When I was still a boy we went to visit the school and see Dad's records. Some of the records were written by my faher, who, it would seem, had an allergy to capitalization. The most common entry was E.P. XXXXX ran away.

The school I saw was so much better than what he was running to, it left me more than a little confused. Some times they would run to the woods and hide, and the other boys would bring them food until they were caught, or starved into returning.

Some times they got a little farther afield.

On one educational little trip they made it to Iron Gate. I saw Iron Gate after thirty years of development, it was still an armpit. I can't imagine it to be anything but "downtown nowhere" then. The boys were traveling broke in the Twenties. The only option was to sneak into a barn to get out of the weather, ounce again they were observed. Unfortunately for them there had been a bank robbery that day and the locals thought perhaps the boys were the perps. The sheriff woke the boys by poking them between the eyes, with a Thompson Sub machine Gun.
Dad said he opened his eyes looking down the barrel of a .45 caliber that looked like a stove pipe.
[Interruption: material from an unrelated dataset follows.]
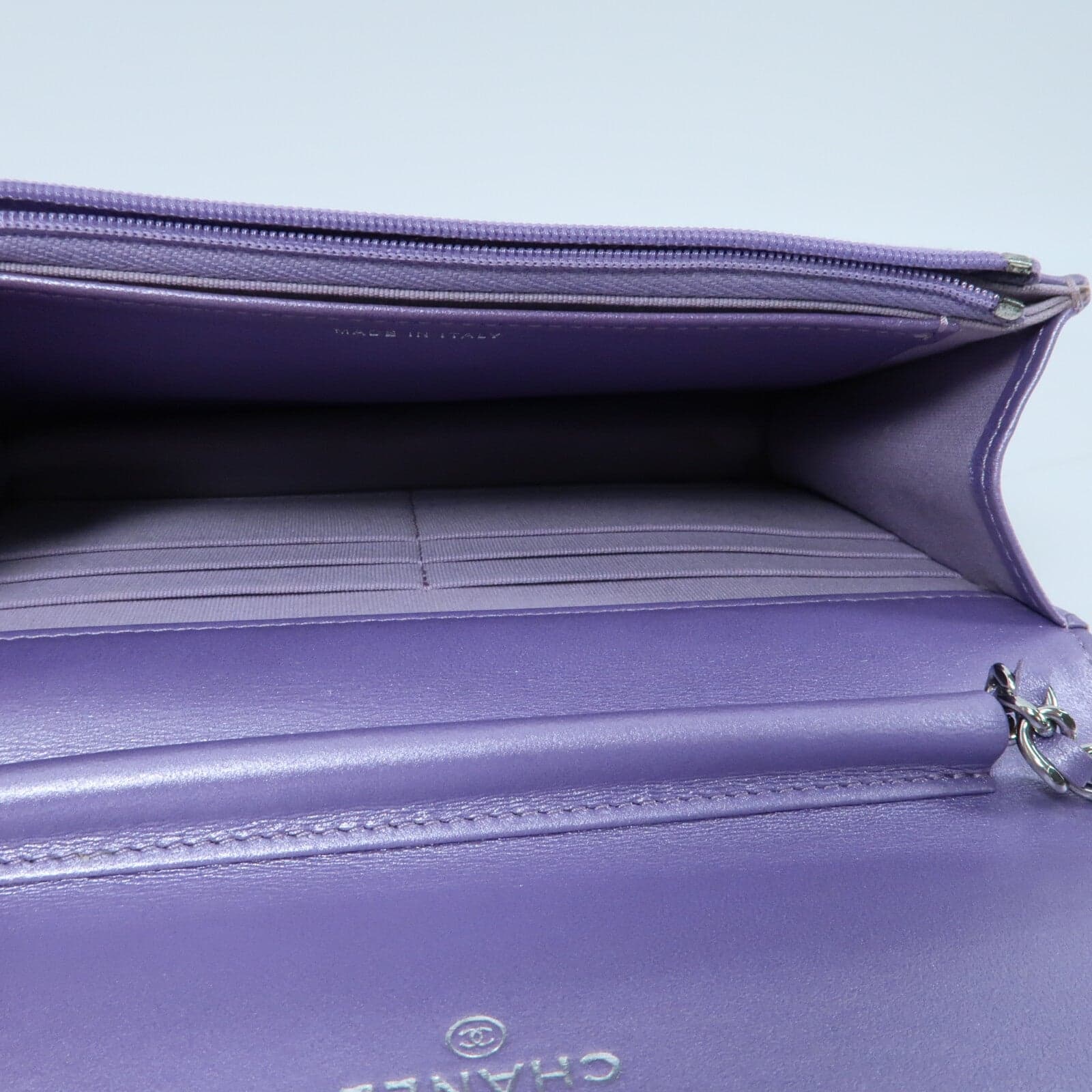 LOUIS VUITTON AP0250 Shoulder Bag Lambskin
He said it was the most scared he had ever been. That included the invasion at Normandy.

Quite a start, I should think. He made no mention of the condition of his laundry, post awakening.

The boy's were ready to go back to the home.

Friday, January 11, 2008

The Big Kid


Janurary Sixteenth Thirty One Years ago he was born. My son.
Happy Birth Day!

Getting ready,

The Love of My Life told me this morning that she isn't ready for me to leave for work yet. She isn't feeling good about it.

Neither am I.

I am a whiny little boy these days, I managed somehow to hurt my back, and I am finally about to go to the Shaman about it. I take few to zero drugs, for any reason, personal discomfort would be least among them. I've seen way too much of that for my mental comfort.

However, when it takes fifteen minuets to put on a sock, well, you should do something.

I was seeing some improvements, and now I'm not. I guess I need some help.

The stepson and grand kids are coming today. We will have a little Christmas again.

I am almost ready to leave for California, a few details remain, a few more little things to put in the mobile survival facility. Fuel in the truck, program the navigation computer, load the maps and pack the computer, secure the breakables in the trailer.

Muster the intestinal fortitude to leave the Love of My Life for a month, and then two more months. This is going to be tough, the mother in law is past eighty and has been diagnosed with uterine cancer and ovarian cysts. We don't expect good results from treatment. That means The Love of My Life is entering one of the toughest times of her life and,

I will be gone.

Worms probably feel better than me.

Too cute!!!

If your computer needs to be cleaned out here's the dude for the job.

http://www.roberthein.dk/screenclean.swf

Sunday, January 6, 2008

Road Trip

Looks like I will be going to California around the sixteenth of this month. Any one want to meet for a cuppa?